Dignity and Reversals

For this exercise, I’m going to assume everyone knows how to go about using reversals, even if you feel you aren’t good at it. What we’ll be doing is a pair of readings on related topics. If you don’t know how to use reversals, the book that came with your deck of choice probably has separated meanings for “upright” and “reversed” cards, and the “reversed” cards will just be upside down. This does mean you’ll have to shuffle your cards in such a way that some turn upside down. I just riffle shuffle and turn one half of the deck each time.

As a querent, you should prepare two questions, or even better, a topic you can easily ask one question about and then come up with follow up questions based on the first reading.

As a reader, the spread you use is up to you: make sure it has a least 5 cards though. I’m sort of making this number up, but the goal is to make sure there are enough cards that you see reversals and dignities.
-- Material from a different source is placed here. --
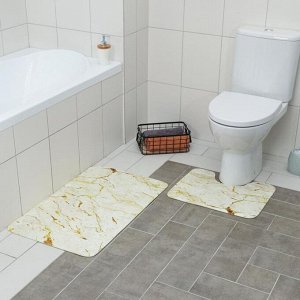 Набор ковриков для ванны и туалета «Камень», 2 шт: 79х50, 50х39 см, цвет бежевый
More is better, so long as you’re comfortable with the spread.

In your first reading, use reversals, even if you don’t usually do so (I don’t, so I’ll be in the same boat). In your second reading, do not use reversals, even if you usually do (now the boat is on the other foot). For the second reading, use dignity.

Dignities

Dignity is an idea that sort of comes out of astrology, though in this case it’s mostly elemental, rather than strictly astrological. The core idea is that some elements play well together and some don’t. Here’s the list:

They Like Each Other

These two pairs are the upper and lower halves of the classical element list; they like each other because they’re similar. Fire and air are (usually considered) both hot, while water and earth are (again usually) both cold. That means they can hang out without fighting about what the thermostat’s set to.

They Hate Each Other

It’s easy to see why fire and water hate each other: each can destroy the other, in the right circumstances. It can be more difficult to imagine why air and earth hate each other, but – and I’m cribbing from Susan Chang here – if we imagine air as drifting over top the surface of the earth, never really interacting with it at all, we can get there. Air’s too cool to speak to earth (figuratively speaking, air is considered hot in this model); earth is too… down to earth to speak to someone with its head in the clouds.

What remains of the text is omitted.